* _YOUR ASSIGNMENT_
Transcribe exactly the lines that fall between the one holding "2020 FORD ESCAPE SE 11" and the one holding "Podzespoły komputera, różne.", inclusive, from the entries below.

-------- INFORMATION --------

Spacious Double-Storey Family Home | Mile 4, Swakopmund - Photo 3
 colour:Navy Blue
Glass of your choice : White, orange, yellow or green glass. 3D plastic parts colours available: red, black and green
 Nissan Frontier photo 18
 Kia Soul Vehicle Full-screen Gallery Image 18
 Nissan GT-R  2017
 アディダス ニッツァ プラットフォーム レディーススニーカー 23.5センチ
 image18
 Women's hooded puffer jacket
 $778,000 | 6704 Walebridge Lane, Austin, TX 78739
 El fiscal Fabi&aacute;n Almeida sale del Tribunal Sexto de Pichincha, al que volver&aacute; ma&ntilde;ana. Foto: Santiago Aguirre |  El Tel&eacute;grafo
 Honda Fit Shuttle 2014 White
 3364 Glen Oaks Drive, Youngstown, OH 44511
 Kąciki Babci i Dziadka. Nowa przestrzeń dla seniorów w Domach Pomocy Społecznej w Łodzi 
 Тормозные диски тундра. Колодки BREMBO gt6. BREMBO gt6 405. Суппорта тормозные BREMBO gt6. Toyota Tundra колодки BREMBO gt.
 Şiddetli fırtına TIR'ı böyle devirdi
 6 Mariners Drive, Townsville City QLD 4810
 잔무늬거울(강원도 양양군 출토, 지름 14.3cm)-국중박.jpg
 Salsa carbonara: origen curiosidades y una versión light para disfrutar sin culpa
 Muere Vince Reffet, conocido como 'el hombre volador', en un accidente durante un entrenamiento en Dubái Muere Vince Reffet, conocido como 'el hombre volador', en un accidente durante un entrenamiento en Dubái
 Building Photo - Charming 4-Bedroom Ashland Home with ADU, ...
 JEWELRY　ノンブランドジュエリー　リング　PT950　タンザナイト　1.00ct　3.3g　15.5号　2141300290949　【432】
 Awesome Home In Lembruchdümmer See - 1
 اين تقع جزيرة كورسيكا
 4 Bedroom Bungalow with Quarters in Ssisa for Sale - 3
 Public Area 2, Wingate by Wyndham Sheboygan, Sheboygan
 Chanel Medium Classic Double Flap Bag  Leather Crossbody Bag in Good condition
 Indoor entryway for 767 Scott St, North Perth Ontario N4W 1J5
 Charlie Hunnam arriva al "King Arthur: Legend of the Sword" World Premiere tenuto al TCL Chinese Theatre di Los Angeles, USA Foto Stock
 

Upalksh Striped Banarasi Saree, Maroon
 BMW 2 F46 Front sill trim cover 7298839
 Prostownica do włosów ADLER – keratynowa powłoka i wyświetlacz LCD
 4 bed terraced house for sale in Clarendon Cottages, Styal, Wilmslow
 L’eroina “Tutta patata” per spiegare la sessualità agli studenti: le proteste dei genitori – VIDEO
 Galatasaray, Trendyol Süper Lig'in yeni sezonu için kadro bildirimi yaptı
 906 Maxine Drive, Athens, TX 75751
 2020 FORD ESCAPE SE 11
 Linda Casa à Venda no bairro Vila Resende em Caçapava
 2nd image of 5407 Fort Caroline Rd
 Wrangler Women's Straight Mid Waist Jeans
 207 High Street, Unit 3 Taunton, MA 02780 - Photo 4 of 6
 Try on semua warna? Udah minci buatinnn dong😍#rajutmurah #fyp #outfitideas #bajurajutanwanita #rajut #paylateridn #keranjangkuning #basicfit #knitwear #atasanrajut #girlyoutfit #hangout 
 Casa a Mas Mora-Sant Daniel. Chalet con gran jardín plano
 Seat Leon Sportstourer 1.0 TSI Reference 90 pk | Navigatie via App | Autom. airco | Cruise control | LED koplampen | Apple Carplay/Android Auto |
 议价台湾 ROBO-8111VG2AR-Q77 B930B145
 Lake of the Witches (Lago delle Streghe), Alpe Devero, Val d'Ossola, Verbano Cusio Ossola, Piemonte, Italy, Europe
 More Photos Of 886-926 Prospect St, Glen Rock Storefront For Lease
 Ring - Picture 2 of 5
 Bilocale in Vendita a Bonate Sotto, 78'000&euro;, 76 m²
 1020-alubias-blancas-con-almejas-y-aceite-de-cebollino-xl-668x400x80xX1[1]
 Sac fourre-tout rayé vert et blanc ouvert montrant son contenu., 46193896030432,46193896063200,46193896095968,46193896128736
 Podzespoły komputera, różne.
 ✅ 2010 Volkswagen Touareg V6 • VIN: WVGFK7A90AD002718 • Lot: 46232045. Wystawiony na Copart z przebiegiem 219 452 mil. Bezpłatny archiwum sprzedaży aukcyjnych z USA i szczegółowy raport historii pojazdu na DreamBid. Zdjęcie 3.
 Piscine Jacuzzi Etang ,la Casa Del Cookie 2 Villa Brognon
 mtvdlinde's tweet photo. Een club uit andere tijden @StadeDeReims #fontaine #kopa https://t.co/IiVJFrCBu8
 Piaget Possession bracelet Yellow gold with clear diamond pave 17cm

--------

* _ANSWER FOR THE TASK_
 2020 FORD ESCAPE SE 11
 Linda Casa à Venda no bairro Vila Resende em Caçapava
 2nd image of 5407 Fort Caroline Rd
 Wrangler Women's Straight Mid Waist Jeans
 207 High Street, Unit 3 Taunton, MA 02780 - Photo 4 of 6
 Try on semua warna? Udah minci buatinnn dong😍#rajutmurah #fyp #outfitideas #bajurajutanwanita #rajut #paylateridn #keranjangkuning #basicfit #knitwear #atasanrajut #girlyoutfit #hangout 
 Casa a Mas Mora-Sant Daniel. Chalet con gran jardín plano
 Seat Leon Sportstourer 1.0 TSI Reference 90 pk | Navigatie via App | Autom. airco | Cruise control | LED koplampen | Apple Carplay/Android Auto |
 议价台湾 ROBO-8111VG2AR-Q77 B930B145
 Lake of the Witches (Lago delle Streghe), Alpe Devero, Val d'Ossola, Verbano Cusio Ossola, Piemonte, Italy, Europe
 More Photos Of 886-926 Prospect St, Glen Rock Storefront For Lease
 Ring - Picture 2 of 5
 Bilocale in Vendita a Bonate Sotto, 78'000&euro;, 76 m²
 1020-alubias-blancas-con-almejas-y-aceite-de-cebollino-xl-668x400x80xX1[1]
 Sac fourre-tout rayé vert et blanc ouvert montrant son contenu., 46193896030432,46193896063200,46193896095968,46193896128736
 Podzespoły komputera, różne.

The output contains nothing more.